Using only the entries below, output the lines starting at the one containing "Complex (shoujo) Chapter" and ending at the one containing "千岛湖水之灵(演艺中心)门票", exactly and inclusive of both, omitting the pictures.

§ Working data
---*---

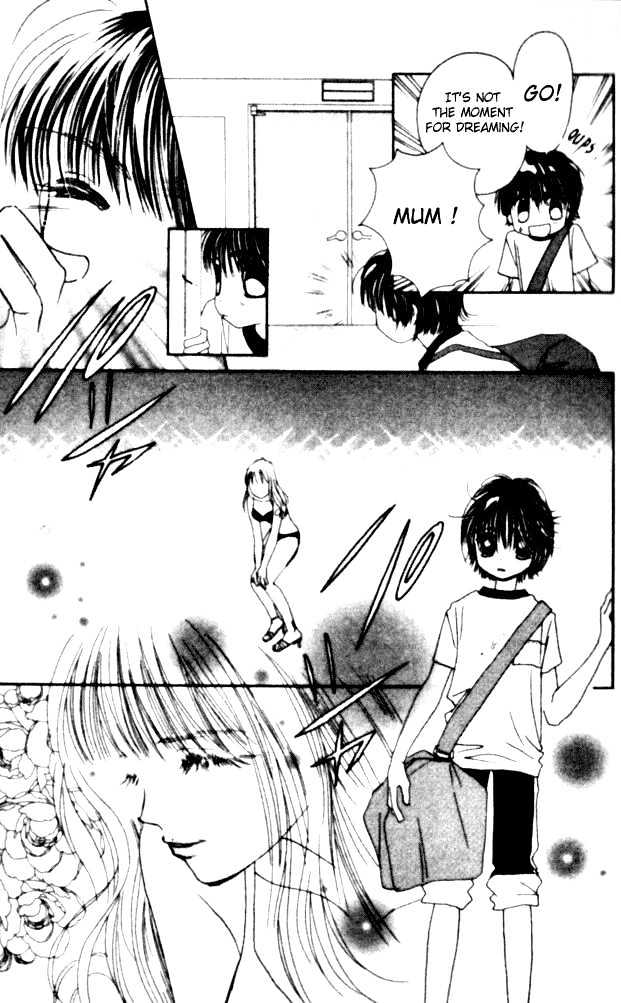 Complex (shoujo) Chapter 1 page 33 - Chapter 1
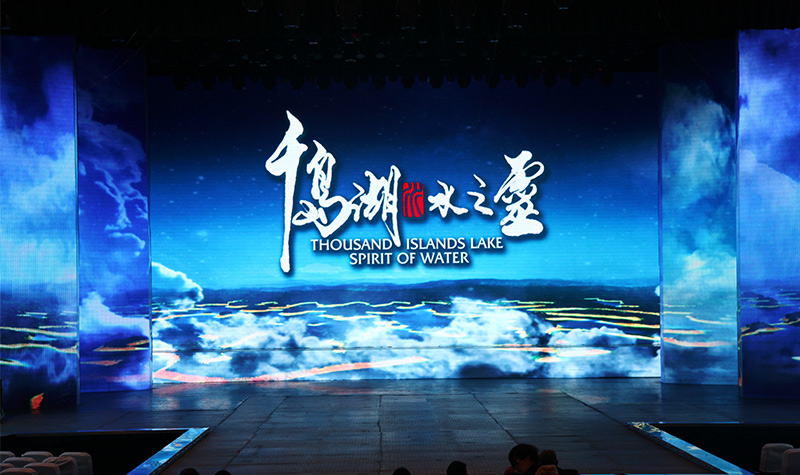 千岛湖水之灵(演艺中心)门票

---*---

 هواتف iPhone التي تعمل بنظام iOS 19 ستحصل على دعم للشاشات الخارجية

---*---

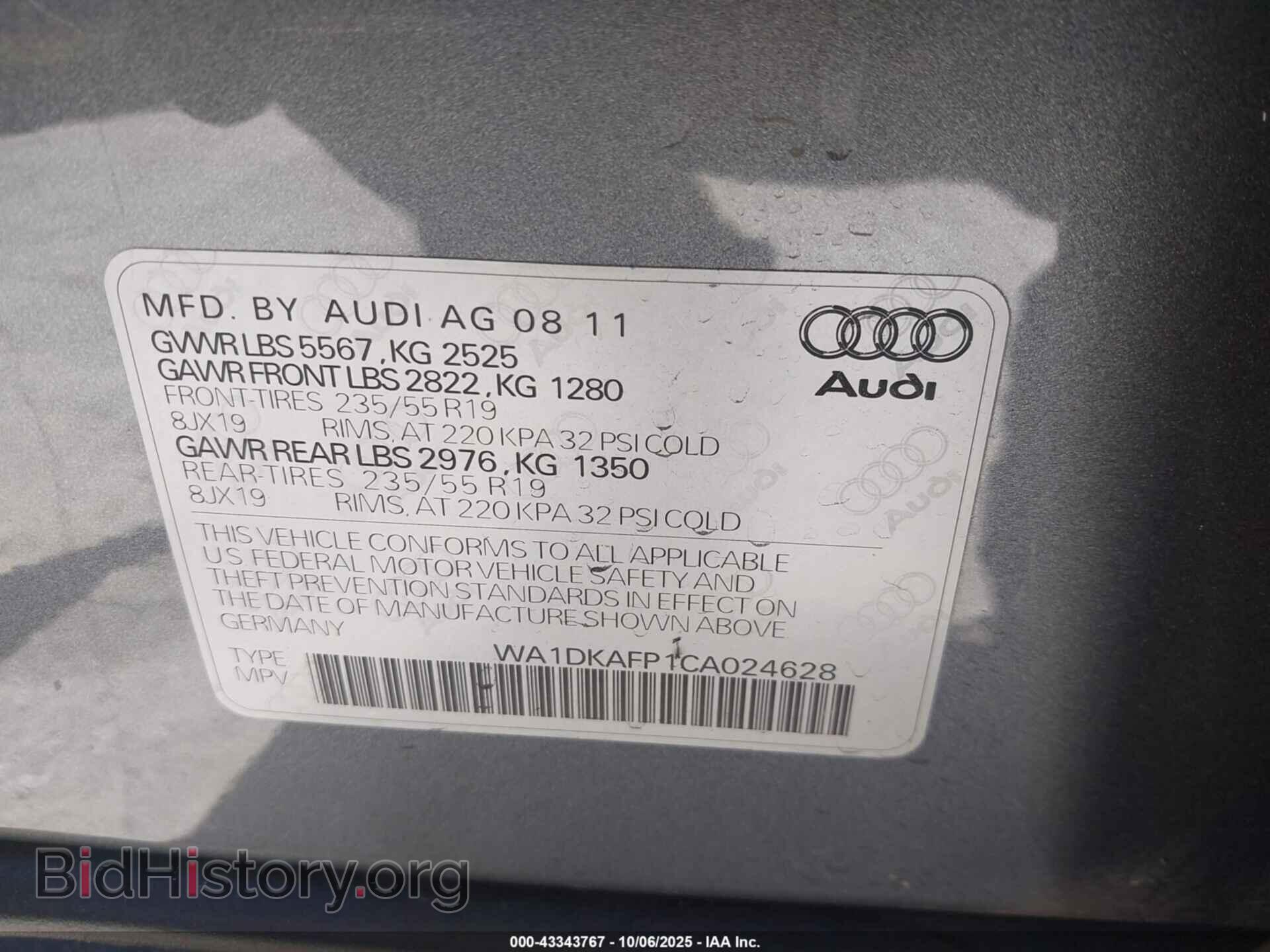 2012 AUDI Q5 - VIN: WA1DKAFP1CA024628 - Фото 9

---*---

§ Written solution
 Complex (shoujo) Chapter 1 page 33 - Chapter 1
 千岛湖水之灵(演艺中心)门票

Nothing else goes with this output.